Let the sides be x, x+y, x+2y.

Then, by Pythagorean theom. \((x+2y)^2\) = \(x^2\) + \((x+2y)^2\)
Simplifying the above equation we get 3*(y/x)^2 + 2*(y/x) -1 = 0, solving the quadratic equation we get y=2x/3

Thus, the three sides are x, 5x/3, 7x/3 and the perimeter is 5x.

Now as the perimeter is less than 115 and the sides are integers both x and y will also be integers.
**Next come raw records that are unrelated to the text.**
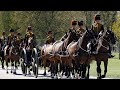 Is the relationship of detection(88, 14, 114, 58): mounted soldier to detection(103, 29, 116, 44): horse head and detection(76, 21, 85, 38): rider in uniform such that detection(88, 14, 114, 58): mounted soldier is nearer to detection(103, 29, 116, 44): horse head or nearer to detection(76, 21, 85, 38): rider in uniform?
detection(103, 29, 116, 44): horse head

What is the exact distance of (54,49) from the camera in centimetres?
1978

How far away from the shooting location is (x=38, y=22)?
157 ft

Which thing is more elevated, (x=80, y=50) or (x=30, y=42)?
(x=30, y=42)

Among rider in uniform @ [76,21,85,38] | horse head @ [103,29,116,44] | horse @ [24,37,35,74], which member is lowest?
horse @ [24,37,35,74]

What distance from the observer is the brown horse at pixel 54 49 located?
18.3 metres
Hence the possible values of the perimeter (5x) are 110, 105, 100......5. so the possible values for x are 22, 21, 20 ...... 1.
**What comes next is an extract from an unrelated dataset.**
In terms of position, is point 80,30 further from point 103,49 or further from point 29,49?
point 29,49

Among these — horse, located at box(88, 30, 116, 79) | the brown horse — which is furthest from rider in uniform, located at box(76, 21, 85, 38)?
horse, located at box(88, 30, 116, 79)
However, as y=2x/3 and y is an integer x should be a factor of 3.

Therefore, x can take the value of 3, 6, 9, 12, 15, 18, 21 i.e 7 possible values and hence 7 possible triangles.
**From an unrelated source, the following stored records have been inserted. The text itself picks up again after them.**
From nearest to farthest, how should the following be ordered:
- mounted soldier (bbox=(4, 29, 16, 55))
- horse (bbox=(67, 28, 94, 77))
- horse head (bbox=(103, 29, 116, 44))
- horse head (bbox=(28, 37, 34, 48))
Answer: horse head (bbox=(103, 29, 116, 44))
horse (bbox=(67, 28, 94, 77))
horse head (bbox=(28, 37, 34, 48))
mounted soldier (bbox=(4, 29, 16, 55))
Please help me identify where i went wrong.


Hi prashant17p,
Welcome to GMAT Club.
Highlighted portion is wrong.
It should be \((x+2y)^2\)=\(x^2\)+\((x+y)^2\)
Also, At most one of its sides is a multiple of 10 implies NOT MORE THAN ONE of the sides of the right angled triangle is a multiple of 10. You need to take care of this statement while determining possible combinations of 3 sides of the right angled triangles.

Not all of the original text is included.